Excerpts from a dataset:
▽

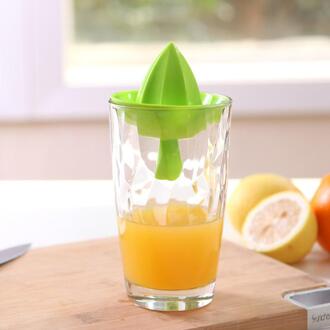 Keuken Accessoires Handleiding Plastic Fruit Tool Oranje Citruspers Juicer Machine Draagbare Citrus Juicer Groen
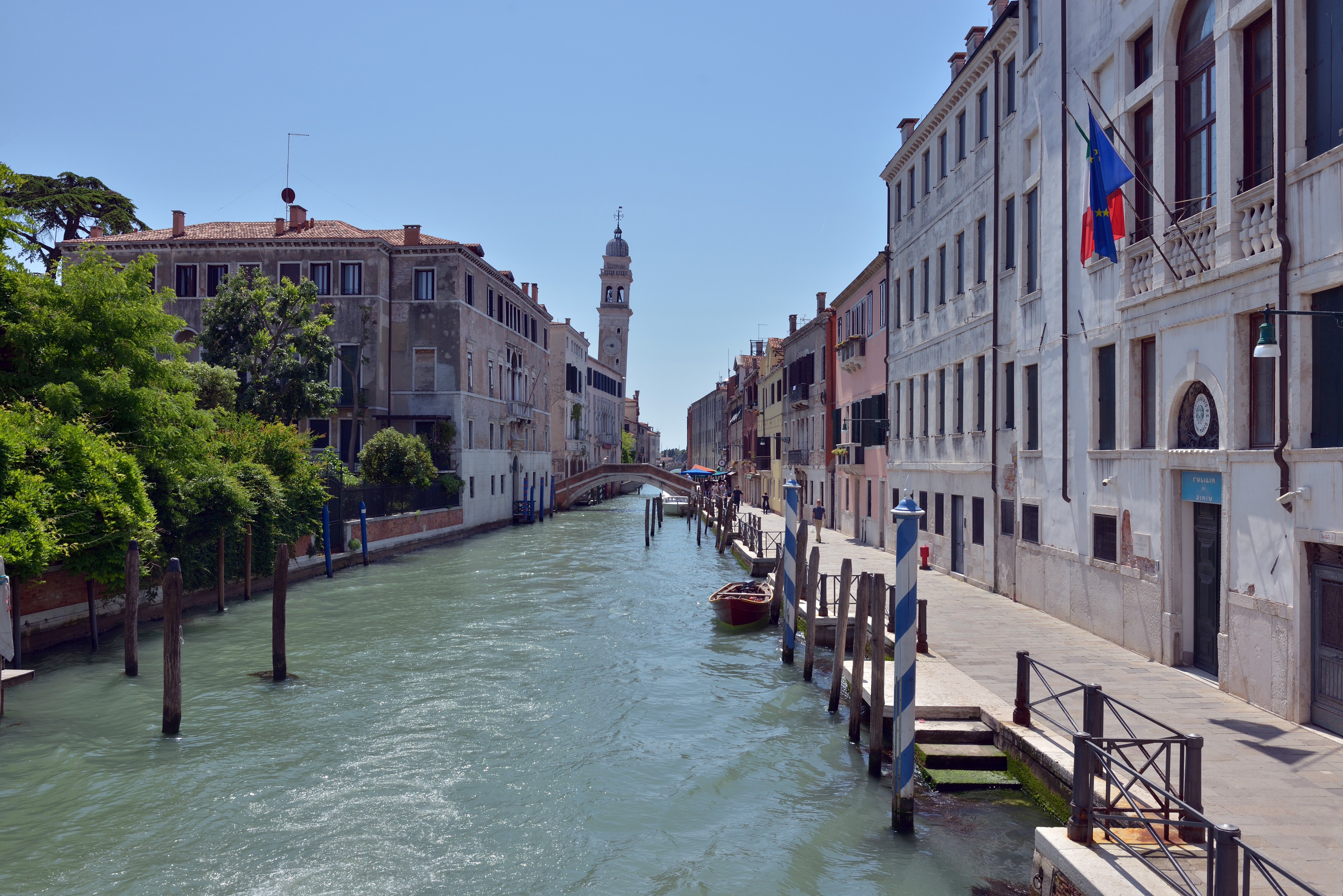 Rio di San Lorenzo a Venezia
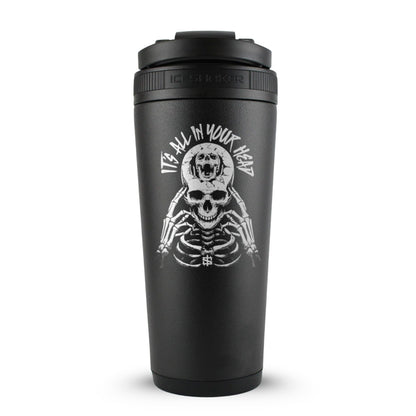 Custom Iron Sanctuary 26oz Ice Shakers - Angler's Pro Tackle & Outdoors
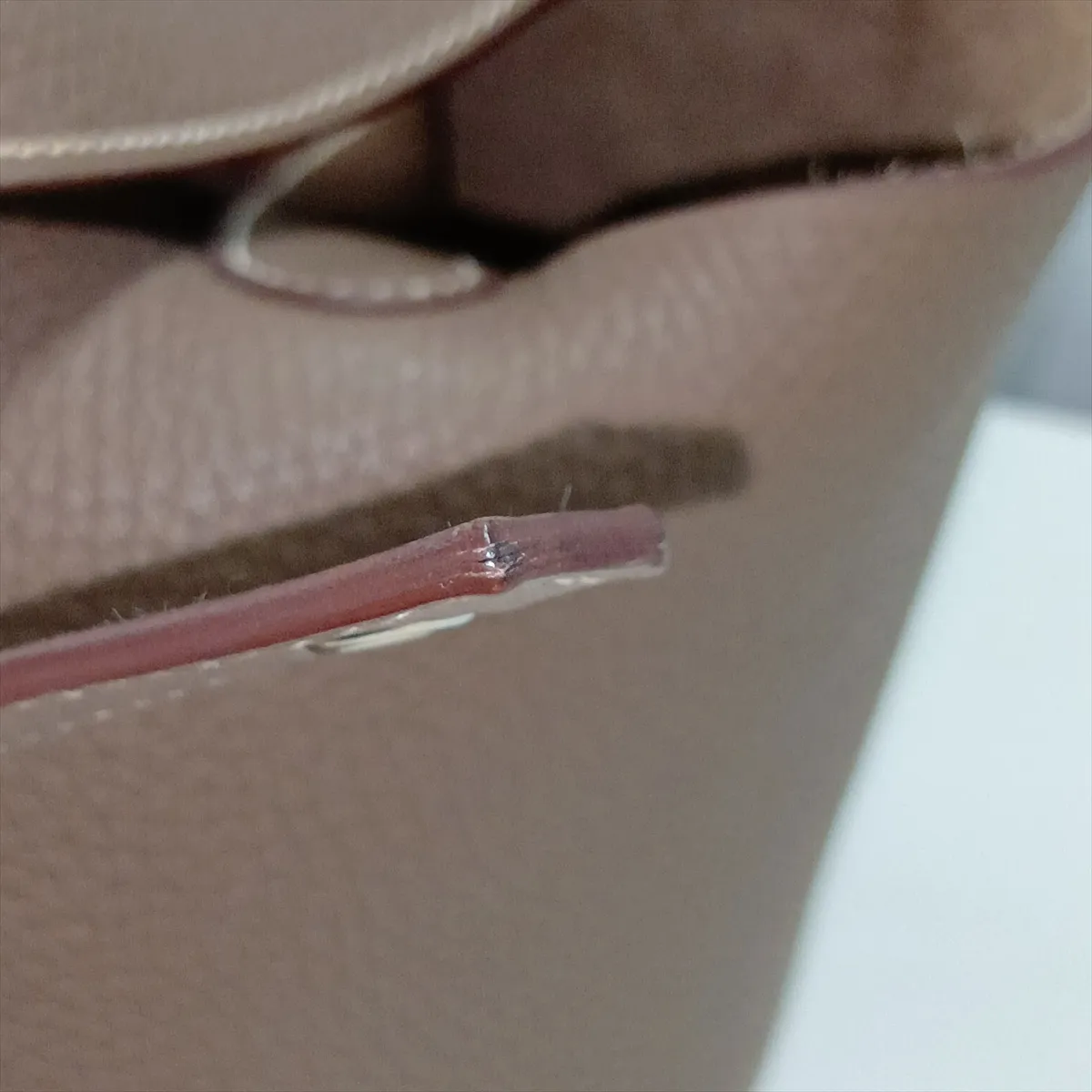 Picotin Lock 18 PM, Taurillon Clemence leather, Etoupe color, silver hardware, X: 2016 — view 12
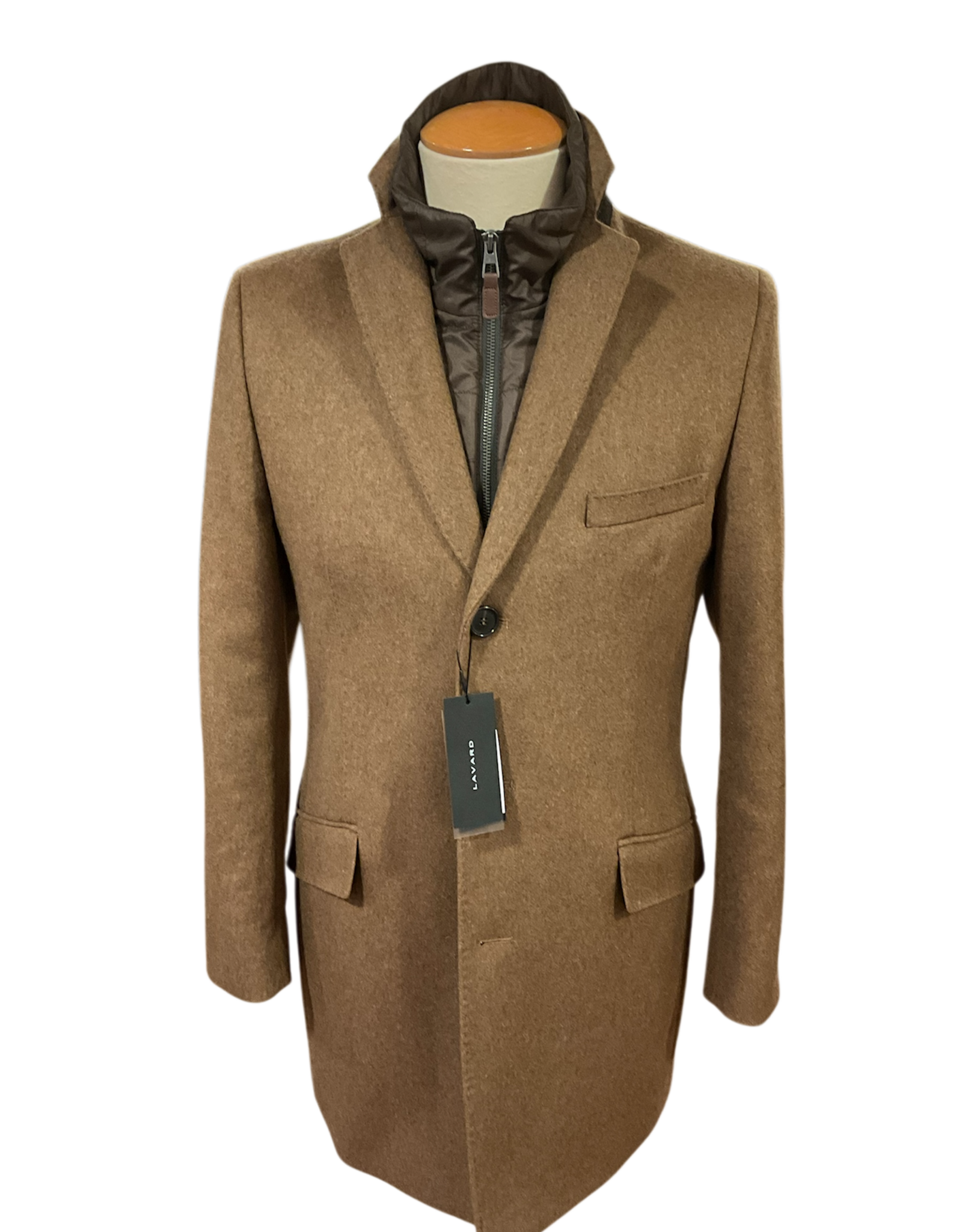 FILAT Camel Armando Wool Coat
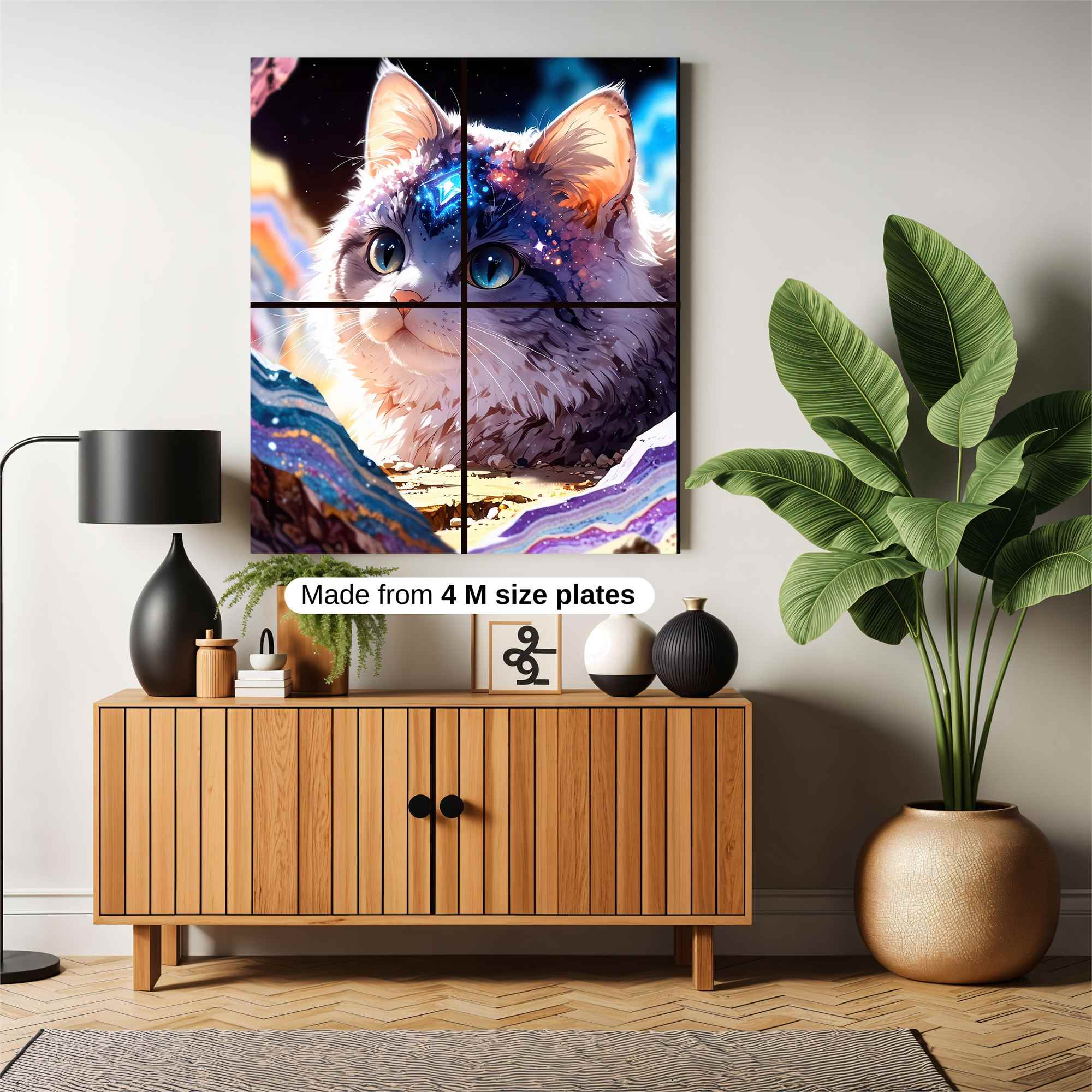 Galactic Whimsy Safe Wall Magnetic / M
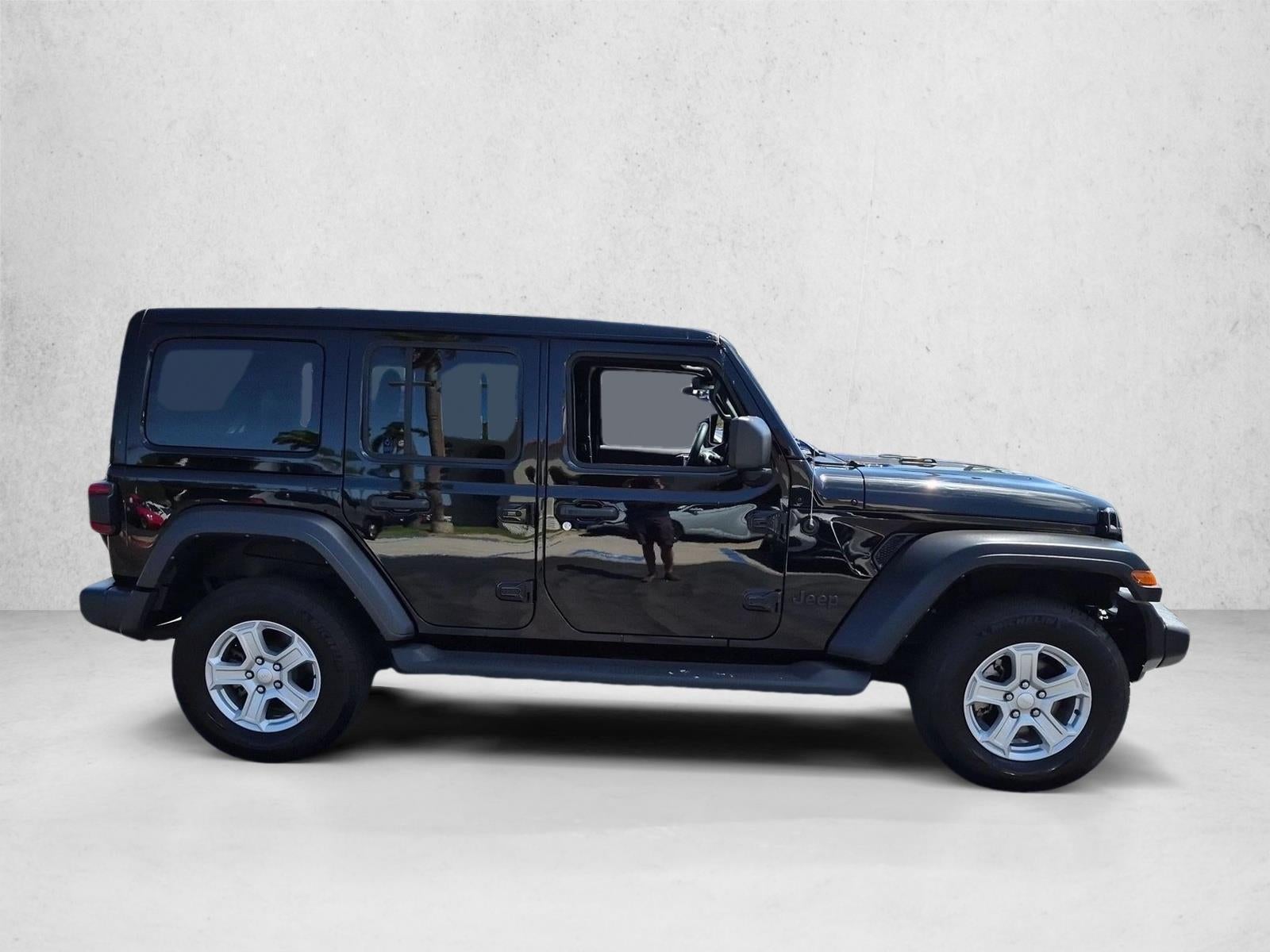 2022 Jeep Wrangler Unlimited Sport S 4x4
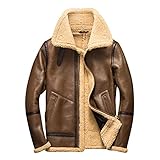 schaffell lederjacke damen Innenansicht der Jacke hat einen ursprünglichen Schafwolle und Außenseite besitzt eine geschlossene Lammnappa mit schönen Oberfläche, dieser Mantel hat eine Qualität Nähte und hat schöne Details auf der ganzen Jacke, es einen Designer-Look zu geben.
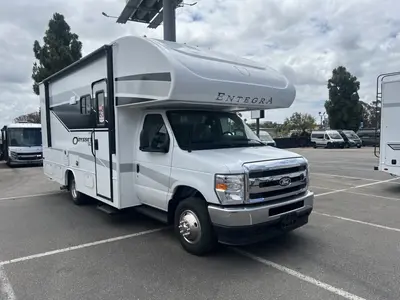 2027 Entegra Coach Odyssey SE exterior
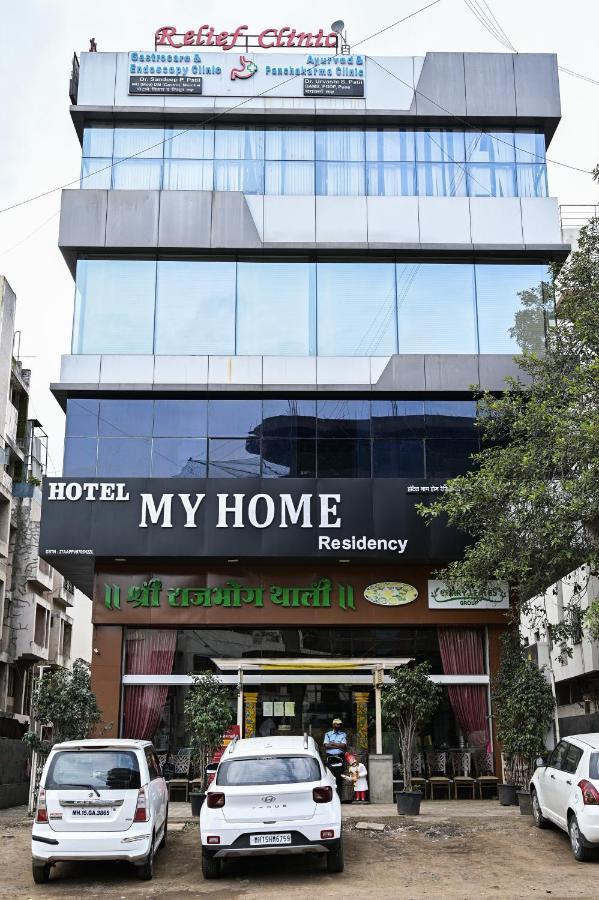 Hotel My Home Residency Nashik Esterno foto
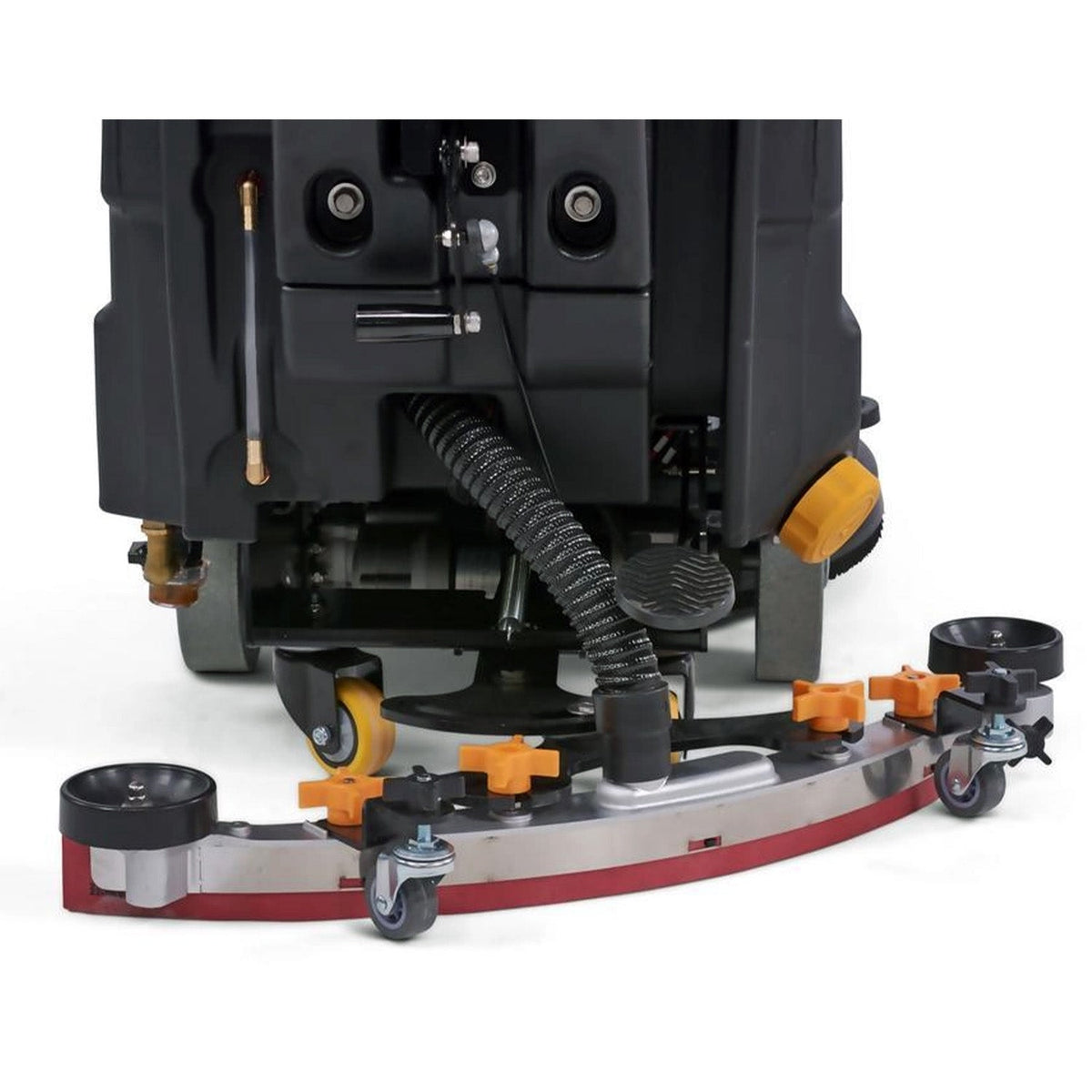 Powr-Flite 20" Walk Behind Floor Scrubber, Self-Propel, Battery, 2 Year Warranty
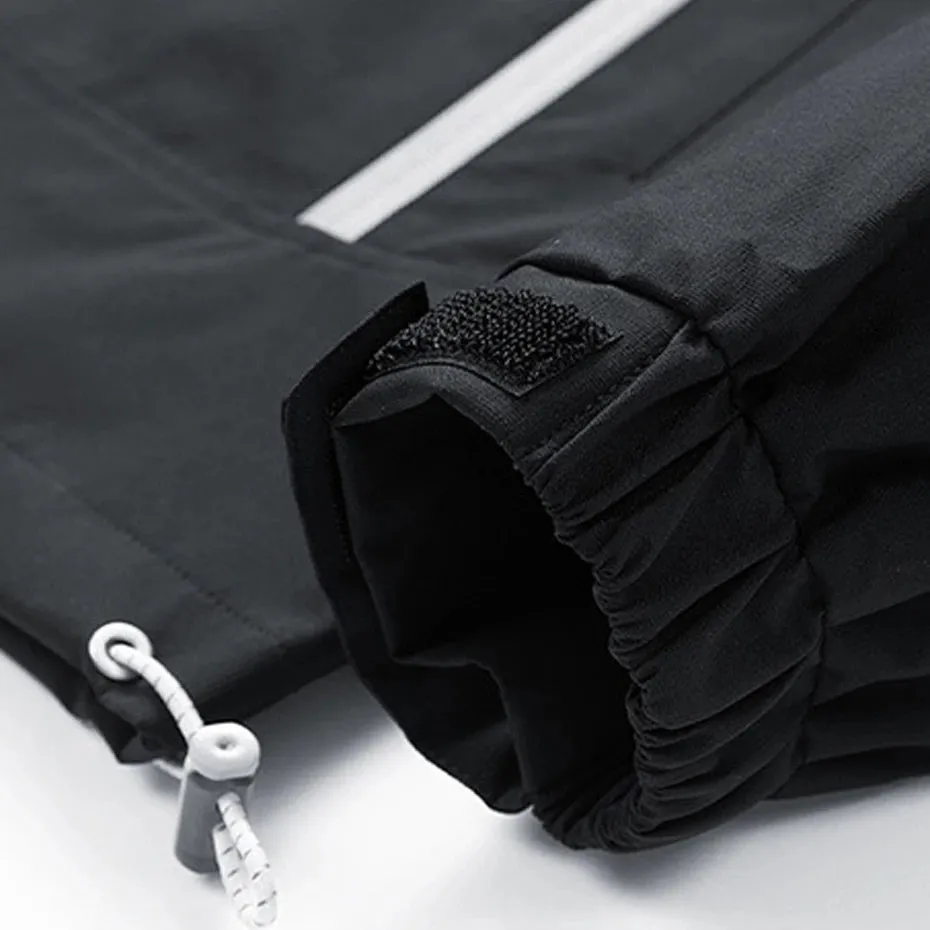Waterproof Windbreaker Jacket Men Solid Color Cargo Jackets Coats Plus Size 9XL Spring Autumn Outerwear Male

△

## Directions
Starting where a line contains "Picotin Lock 18" and finishing at the last line above, set down every line exactly as it reads, with no pictures.

## Response to the exercise
 Picotin Lock 18 PM, Taurillon Clemence leather, Etoupe color, silver hardware, X: 2016 — view 12
 FILAT Camel Armando Wool Coat
 Galactic Whimsy Safe Wall Magnetic / M
 2022 Jeep Wrangler Unlimited Sport S 4x4
 schaffell lederjacke damen Innenansicht der Jacke hat einen ursprünglichen Schafwolle und Außenseite besitzt eine geschlossene Lammnappa mit schönen Oberfläche, dieser Mantel hat eine Qualität Nähte und hat schöne Details auf der ganzen Jacke, es einen Designer-Look zu geben.
 2027 Entegra Coach Odyssey SE exterior
 Hotel My Home Residency Nashik Esterno foto
 Powr-Flite 20" Walk Behind Floor Scrubber, Self-Propel, Battery, 2 Year Warranty
Waterproof Windbreaker Jacket Men Solid Color Cargo Jackets Coats Plus Size 9XL Spring Autumn Outerwear Male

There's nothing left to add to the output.